Bypassing the Groenewold-van Hove Obstruction: A New Argument in Favor of Born-Jordan Quantization

TL;DR

This paper proposes a modified quantization approach that bypasses the Groenewold-van Hove obstruction by only requiring commutator-Poisson bracket correspondence for specific Hamiltonian functions, aligning with Born-Jordan quantization.

Contribution

It introduces a weakened quantization condition that allows for a consistent quantization procedure avoiding known obstructions, connecting to the historic Born-Jordan rule.

Findings

Constructs a well-defined quantization method under the weakened condition.

Shows the method aligns with Born-Jordan quantization for polynomial observables.
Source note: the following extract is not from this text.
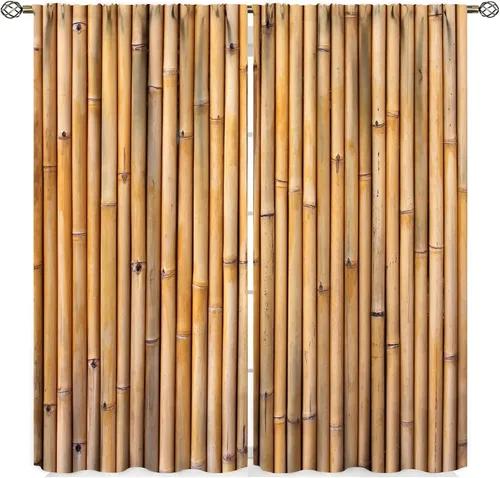 Vista 10 de Cortinas con estampado de bambú, asiático, japonés, naturaleza, bambú, elegante, bronceado, hogar, decoración para sala de estar, dormitorio
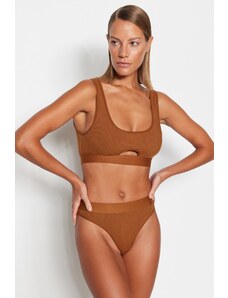 Trendyol Brown Corded Elastic Window/Cut Out Detailed Knitted Underwear Set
Demonstrates the approach bypasses the Groenewold-van Hove no-go theorem.

Abstract

There are known obstructions to a full quantization in the spirit of Dirac's approach, the most known being the Groenewold-van Hove no-go result. We show, following a suggestion of S. K. Kauffmann, that it is possible to construct a well-defined quantization procedure by weakening the usual requirement that commutators should correspond to Poisson brackets. The weaker requirement consists in demanding that this correspondence should only hold for Hamiltonian functions of the type T(p)+V(q). This reformulation leads to a non-injective quantization of all observables which, when restricted to polynomials, is the rule proposed by Born and Jordan in the early days of quantum mechanics.